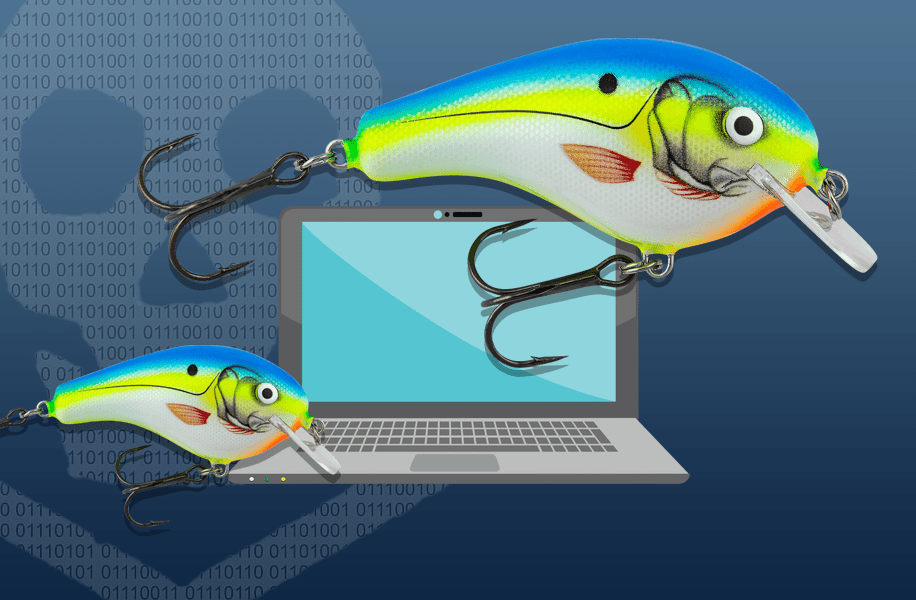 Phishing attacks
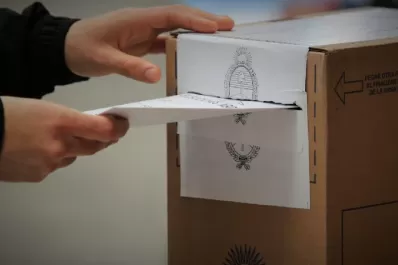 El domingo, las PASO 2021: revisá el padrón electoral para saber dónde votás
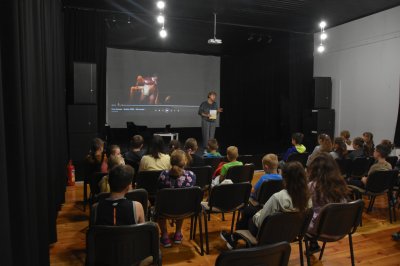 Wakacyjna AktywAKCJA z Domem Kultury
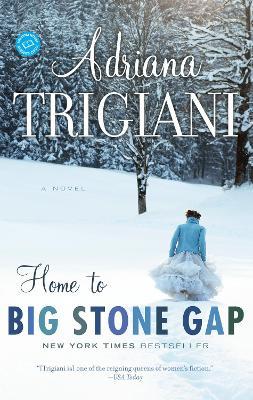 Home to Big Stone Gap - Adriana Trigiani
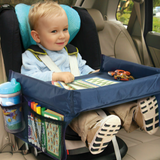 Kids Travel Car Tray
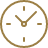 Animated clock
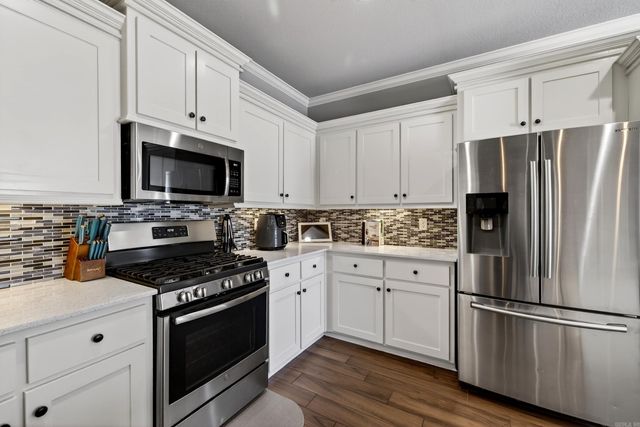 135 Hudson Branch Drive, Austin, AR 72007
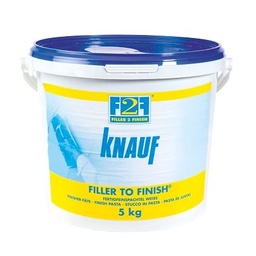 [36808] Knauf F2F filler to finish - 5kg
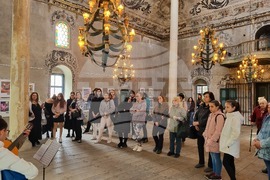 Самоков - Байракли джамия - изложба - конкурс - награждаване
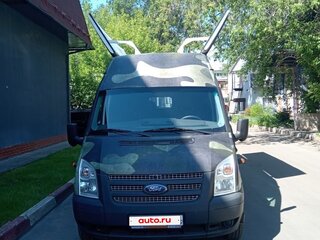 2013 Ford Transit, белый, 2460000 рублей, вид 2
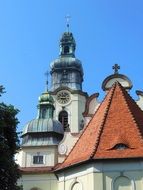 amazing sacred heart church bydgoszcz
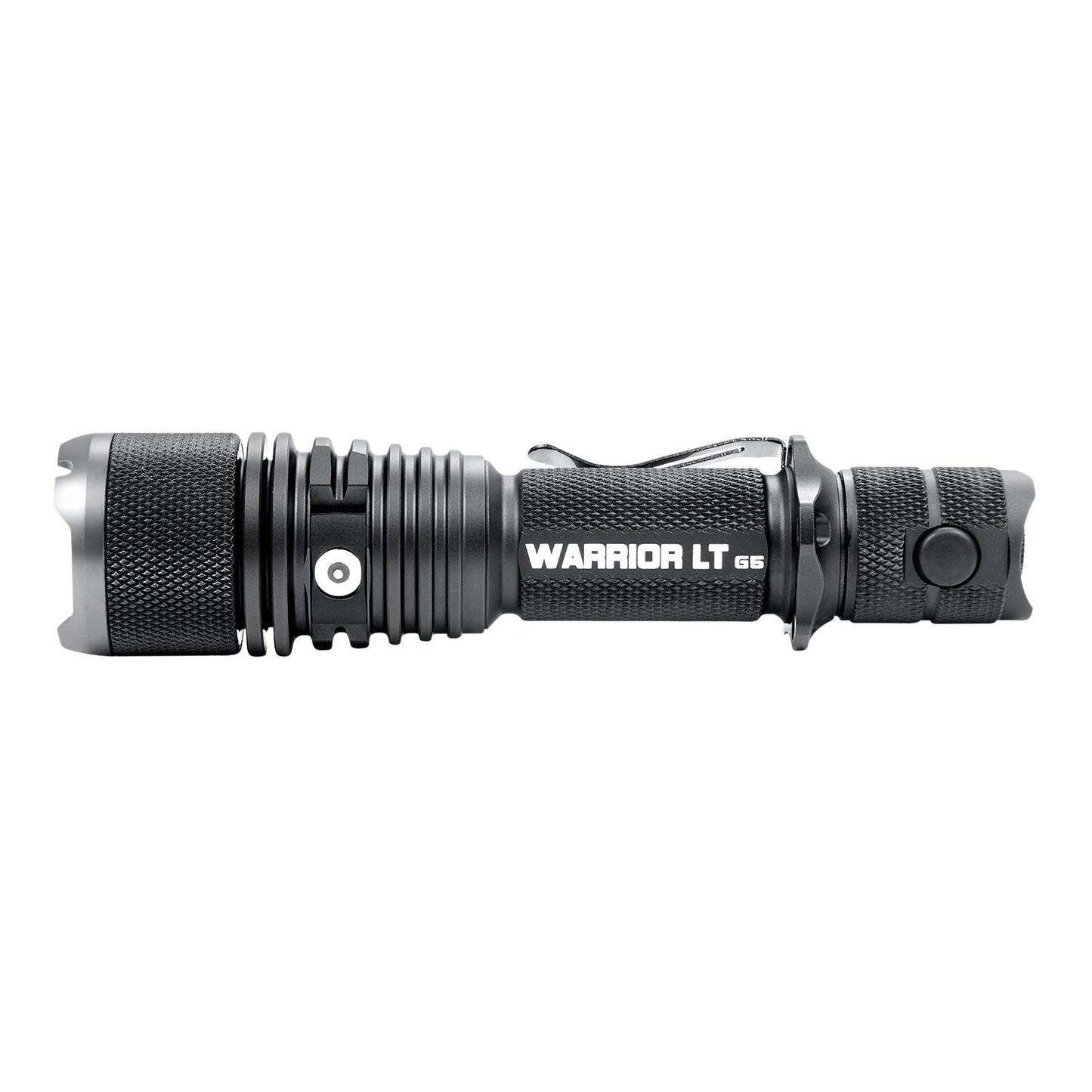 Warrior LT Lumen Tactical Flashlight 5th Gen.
================
WHAT YOU SHOULD DO:
The expected output is an exact copy of the lines from the one with "Wakacyjna AktywAKCJA z Domem Kultury" to the final line of the entries above, pictures excepted; please include both ends.

TASK RESPONSE:
 Wakacyjna AktywAKCJA z Domem Kultury
 Home to Big Stone Gap - Adriana Trigiani
 Kids Travel Car Tray
 Animated clock
 135 Hudson Branch Drive, Austin, AR 72007
 [36808] Knauf F2F filler to finish - 5kg
 Самоков - Байракли джамия - изложба - конкурс - награждаване
 2013 Ford Transit, белый, 2460000 рублей, вид 2
 amazing sacred heart church bydgoszcz
 Warrior LT Lumen Tactical Flashlight 5th Gen.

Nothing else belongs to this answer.